Now she is working in a major city in her chosen profession, which is composed predominantly of women.
One thing I have observed is that when she goes out with her school friends, she looks lovely, with her hair and makeup done and wearing something cute. When she goes somewhere with the family or out to run errands, she looks like she just rolled out of bed – no makeup, messy ponytail, wearing whatever. She’s a dancer with a slim figure and when she doesn’t “fix herself up,” she looks like she is 16. No guy her age is going to notice her when she looks like a kid. Is there a way I can tactfully suggest her social life might improve if she made a little effort to look a bit more pulled together?
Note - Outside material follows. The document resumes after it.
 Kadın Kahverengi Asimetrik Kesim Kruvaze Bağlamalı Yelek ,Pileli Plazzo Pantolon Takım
Or leave it alone?
Just Want Her to Be Happy
Single women do ignore the dangers of morning hair at their peril.
(Full face to keyboard.)
Your daughter is independent, smart, well-liked and fit, and the message you’re asking me to help you compose is, “Poor baby, let Mama help you get what really matters.” So help me, I’m thinking tequila at 9:37 a.m.
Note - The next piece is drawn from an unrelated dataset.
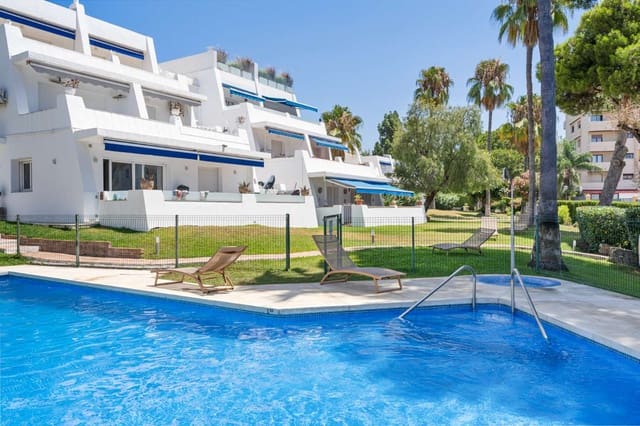 3 chambre Appartement à vendre à Nueva Andalucía Centro, Marbella avec piscine - 680 000 € (Ref: 9591737)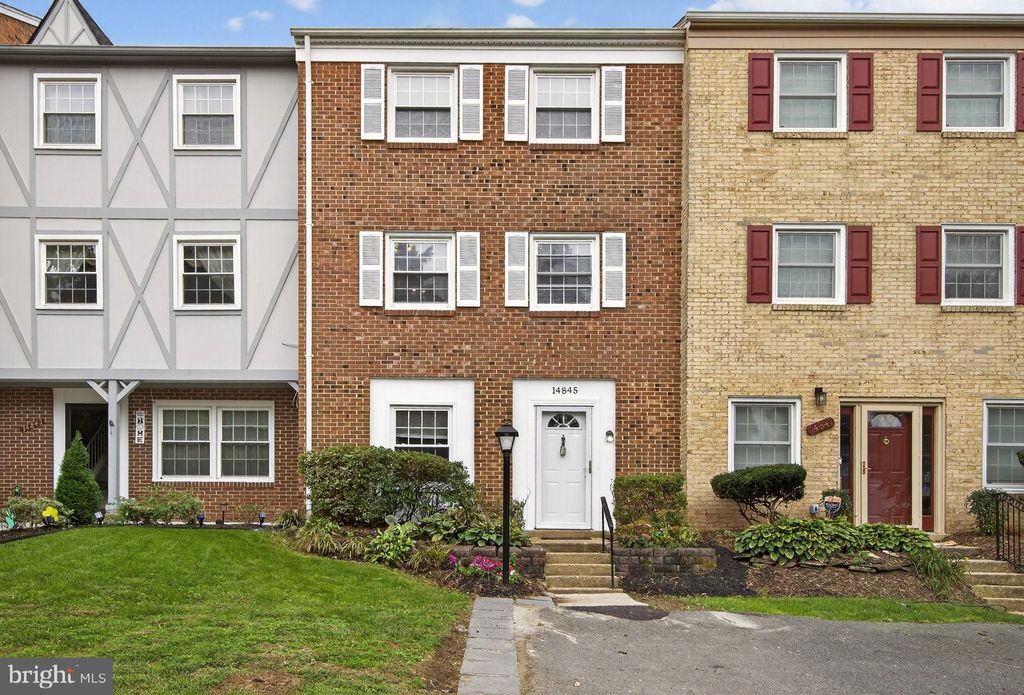 Photo of 14845 Haymarket Lane, CENTREVILLE, VA 20120 (MLS # VAFX2268922)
Not only is your daughter 22 and therefore at the stage of life where she solves her own problems, she is also, from your brief description, highly equipped to do so.
And who even says she’s not happy – one how-long-ago journal page?
Meanwhile, your sprinting by her obvious competence to focus on her man-finding frustration tacitly validates the world view that if you’re a lovely, smart, gracious, funny and professionally fulfilled leader, friend, straight-A student, dancer and cute dresser, then you finish second to the woman who lands herself a man.
Even if you don’t believe this and didn’t mean to imply it with your question, that’s not enough; it’s already in the air she’s breathing. That means the most effective help you can offer is to serve as a counterweight.
Not by cheering her accomplishments, though. That’s fine as they arise but as a policy it will sound forced, as if she needs propping up, as if being single (and at twenty!two!) is actually bad.
The counterweight I mean is trust: that her life is good now; that there are more ways than one for it to stay good; that “good” is hers to define; and that if things stop being good, her wits and grace will point her to answers, including but not limited to actually inviting you to say what you think.